The present study showed that the sprain recurrence patients had significantly higher Beighton scores, which indicated that the patients with gJHM might have poor rehabilitation effect for balance training. Previous studies [29, 30] have reported generalized joint hypermobility was an intrinsic risk factors related to recurrent lateral ankle sprain, so the hypermobility of ankle joint structure might increase the risk of ankle injury during the rehabilitation process. Similar poor outcomes have been reported for surgery treatment, such as the modified Broström procedure [16, 31]. In those cases, the repaired ligaments would eventually stretch and the patients need a longer period for lateral ligament recovery. However, the impact of gJHM on conservative treatment effect was rarely reported. In theory, the increased muscle strength brought by functional training can enhance joint stability. However, the joint capsule of these patients with gJHM may be compromised, so that the improvement of muscle strength is not enough to restore sufficient stability. This may be the reason for the relatively poor results of these patients. Considering the limited number of cases, the effect and the mechanism of joint hyper-relaxation on conservative training requires further controlled studies.

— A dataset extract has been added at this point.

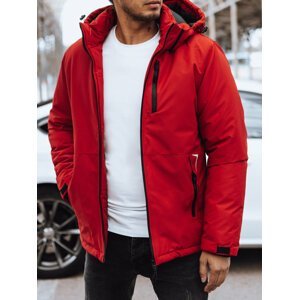 Pánska zimná bunda červenej farby TX4557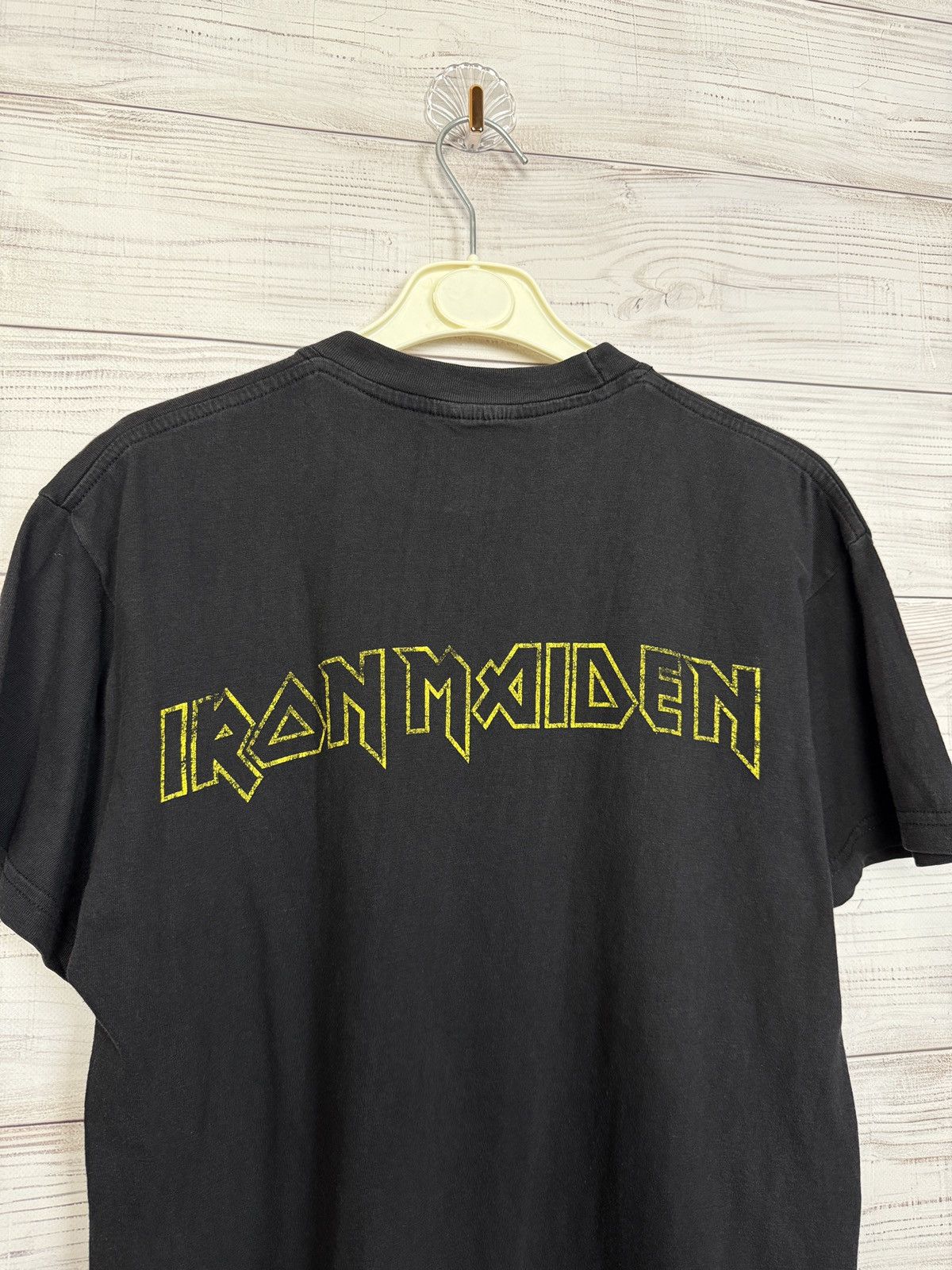 Iron Maiden Vintage IRON MAIDEN 2002 Rock Band T Shirt Tee Big Logo Size US M / EU 48-50 / 2 - 4 Thumbnail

In this study, we also found the relatively weaker 60°/s inversion strength could be another risk factor of the failure. Several studies have shown that subjects with CAI exhibited strength deficits in their invertor musculature [32,33,34]. It is suggested that the ankle joint invertors play an integral role in controlling the rate of calcaneal eversion as the body’s center of mass is displaced laterally beyond the base of support [35]. The inversion strength weakness lead in uncontrolled weight transfer to the lateral side of the foot during single leg standing, thus increased frequency of ankle inversion episodes. For patients with inversion strength weakness, more specific and targeted rehabilitation needs to be done.

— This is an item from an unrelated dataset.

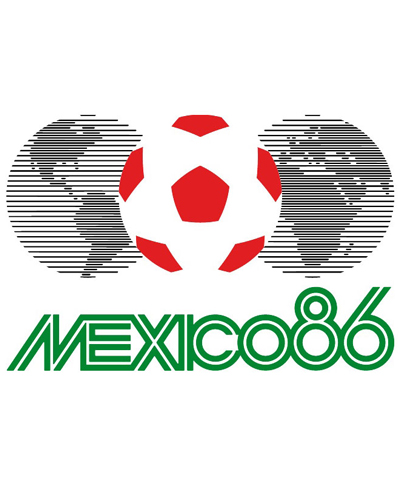 The emblem of the thirteenth world championship 1986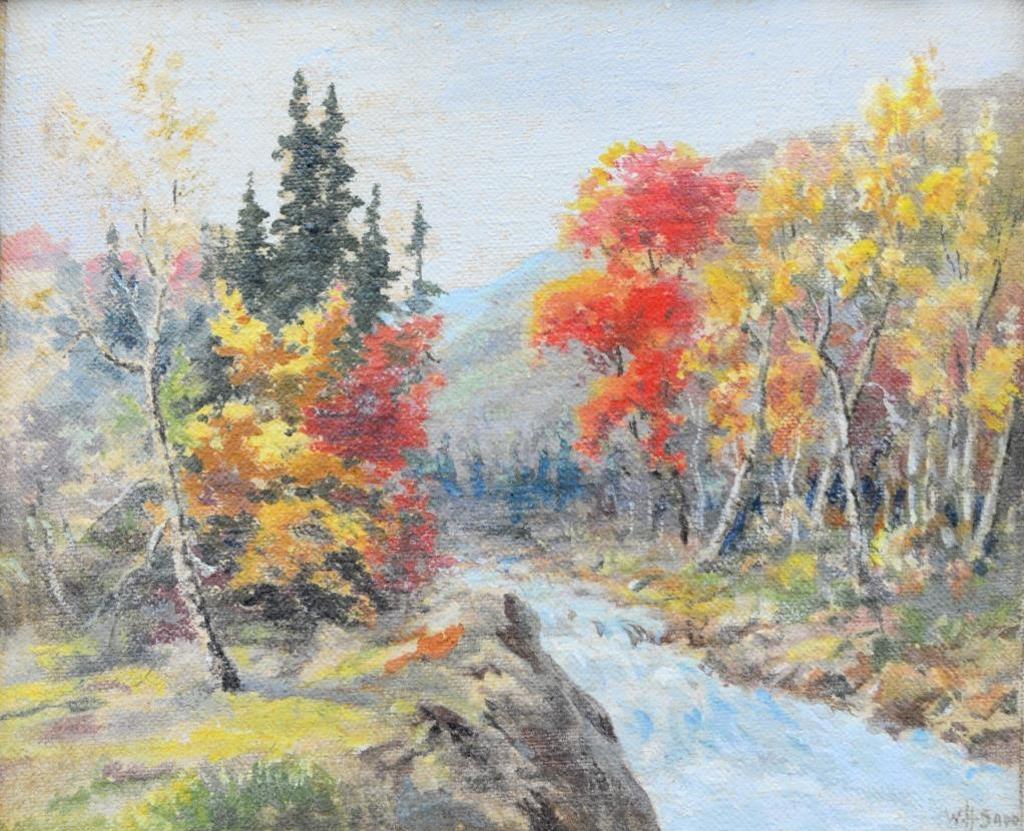 William Harvey Sadd (1864-1954) - Laurentian Mountains, Near Phillips Lake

To our knowledge, this is the first comprehensive study to investigate the long-term effectiveness and its related factors of sprain occurrence for CAI patients with isolated grade III ligament injury. The strength of this study included a relatively long-term follow-up, a detailed systematic balance training protocol and a comprehensive evaluation of the patients and the objective assessment on the postural control improvement in terms of plantar pressure and TTB. It was important to note that although some improvements seem not to last over time, the rehabilitation for the severe type of CAI patients were still effective in the long term. Our results provided more evidence for the use of balance training in CAI cases and would help to optimize rehabilitation plans for this condition. Those with high-risk factors might be prompted to receive early and comprehensive treatment, including the consideration of surgery.

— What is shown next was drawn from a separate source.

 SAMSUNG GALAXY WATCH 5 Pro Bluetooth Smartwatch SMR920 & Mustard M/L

There were still some limitations of the present study. Firstly, the sample size was relatively small in the sprain recurrence group although overall participants enrolled in this study was calculated by the sample size, larger sample are needed to be included in the future research. Secondly, this study focused on patients with lateral ligament injury only while other ligament and syndesmosis injuries also impeded rehabilitation outcomes. So, our results were only suitable for the isolated lateral ankle ligament injury, the balance training for more complex injury type are needed in the future. Thirdly, the patients selected a self-chosen, comfortable walking speed to accomplish the walking task, which might affect the plantar pressure results.

Conclusion

For the grade III CAI patients with isolated lateral ankle ligament injury, the 3 months’ supervised balance training program significantly improved FAAM scores, foot pressure distribution, static postural control, and muscle strength. However, the effectiveness may be partial declined after 6 months and 1 year. Additional strength exercises for dorsiflexion and eversion should be supplemented from 6 months. The high Beighton score and the initial inversion muscle strength weakness might be the potential risk factors of sprain recurrence after balance training.